For the graphic’s building block, AMD actually used their – for the first time – GCN GPU architecture to create it. Much like a AMD R9 290 video card that it is based upon the GPU module features up to eight Asynchronous Compute Engines (ACE) and up to eight GPU Compute Units. In the A10-7800 case there are eight of these graphics CU’s. As with a R9 2-series each of these gaphics CU is made up of 64 stream processors and 16 Texture Units. Giving the A10-7800 a grand total of 512 stream processors and 128 Texture Units… plus all the other low level goodies that make an AMD video card processor a AMD video card processor. That is a lot of video processing power for a processor!
Now all this is fairly typical for how AMD did a APU in the first three generations – albeit with a lot of tweaks and the like – but what makes the Kaveri APU generation so special it is the additional HSA layer that melds the two into one true mega-core.

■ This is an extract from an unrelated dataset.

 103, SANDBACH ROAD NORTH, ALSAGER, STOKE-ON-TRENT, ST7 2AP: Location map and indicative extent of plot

This in turn means the four CPU Compute Units can create and send work directly to the eight video CU’s and vice versa (via what AMD calls heterogeneous Queuing, and the industry simply calls Dynamic Parallelism). Better still this cross flow of GPU calling on CPU functions (and vice versa) is all done at the kernel level and does not require OS, API, or even drivers to do so. Instead it is bare-metal crosstalk that is a lot more efficient than a discrete CPU and GPU… or even an older APU’s ways of doing things.

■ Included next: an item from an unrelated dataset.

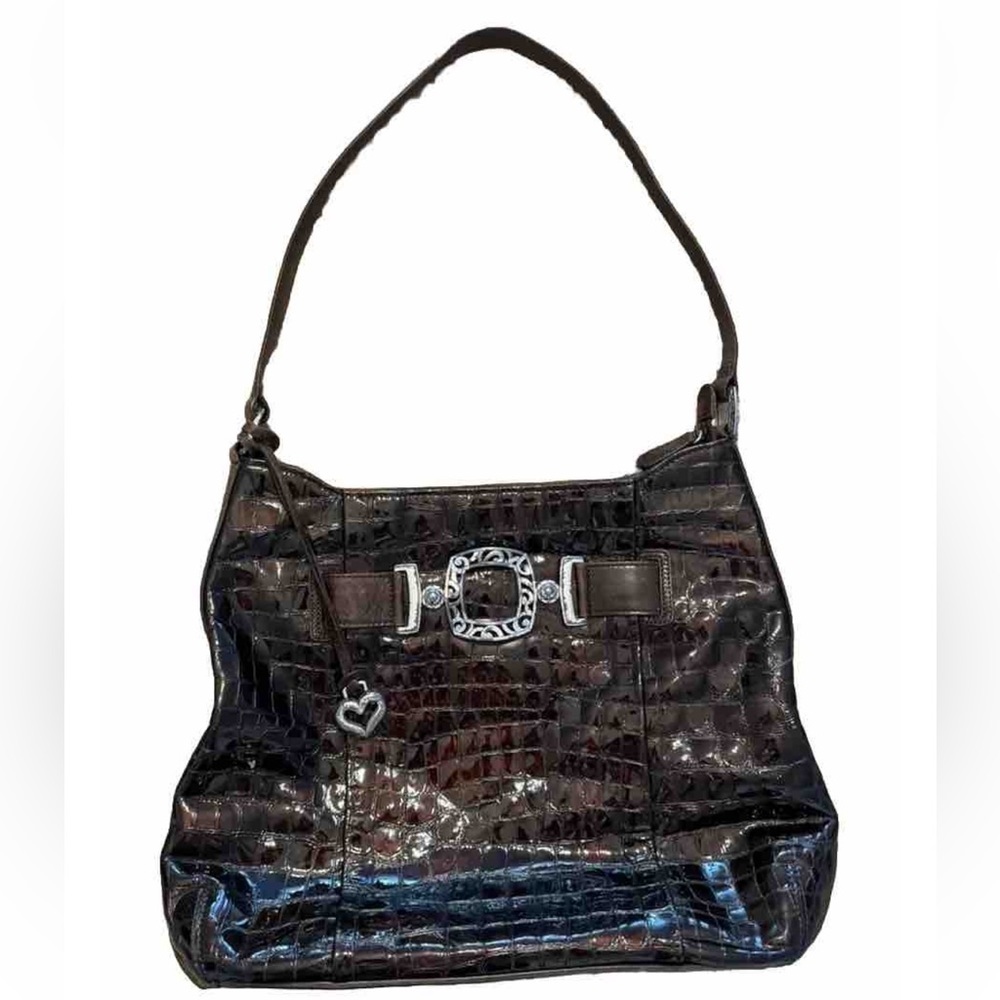 Vintage Brighton Patent Leather Crocodile Handbag Shoulderbag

More importantly is the twelve cores now share the entire RAM amount as one large memory unit instead of dividing it upon POST into two parts… that could not be shared or even ‘seen’ by the other Compute Unit type. This is called hUMA (heterogeneous Uniform Memory Access) and works darn good and requires a lot less TLC than the old way of dividing and hoping one type does not run out of memory. The works loads are also now equally spread across all the CUs and each CU knows what the others are working on so as to not cause issues with writing to memory sector that another is reading (‘Platform Atomics’).